Working hard to finish up the Dick Liddil vs. Wood Hite gunfight. I'm reading Dick's confession and I love the little details, like Jesse James renting a house in Nashville for $8 a month (he really splurged on the Saint Jo house and paid $14 a month), and the details they find important: "He was riding a sorrel, with two white stockings, which I then traded for a mare. . ." Thanks to Ted Yeatman I finally found out what happened to Liddil after the killing of Jesse and the trial of Frank James (Liddil was the chief witness against him, yet Frank was acquitted). Liddil went to Las Vegas, New Mexico with Robert Ford and they opened a the Bank Saloon on Bridge Street. After they quickly went broke, Dick leased out the pool hall of the new Plaza Hotel (it's still there and I've stayed there on a couple occassions), and Robert Ford became a city policeman. Liddil eventually got a job running a string of horses on the racing circuit (he loved horses and in his confession he constantly describes the horses he is on). He died of a heart attack at a race track, in 1901. He was not quite 50.

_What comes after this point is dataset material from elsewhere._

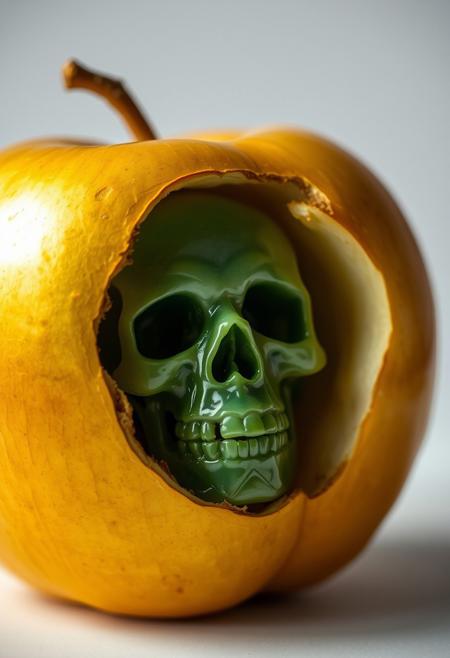 a close up of a golden apple with the side rotten away showing a jade skull inside smiling facing the viewer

I think of all those Missouri outlaws, Frank James and Cole Younger are the only ones who reached their seventies.
By the way, the photo I posted of Liddil is probably not him. I found a photo of Dick in The Trial of Frank James For Murder book and he is not quite the same. Close but no cigar. I'm going home for lunch to do a portrait of Little Dick Liddil.
Evidently the new movie on Jesse covers some of this ground and I'm dying to see it, but still. . .
“The movies have their truths, which rarely align with those of history.”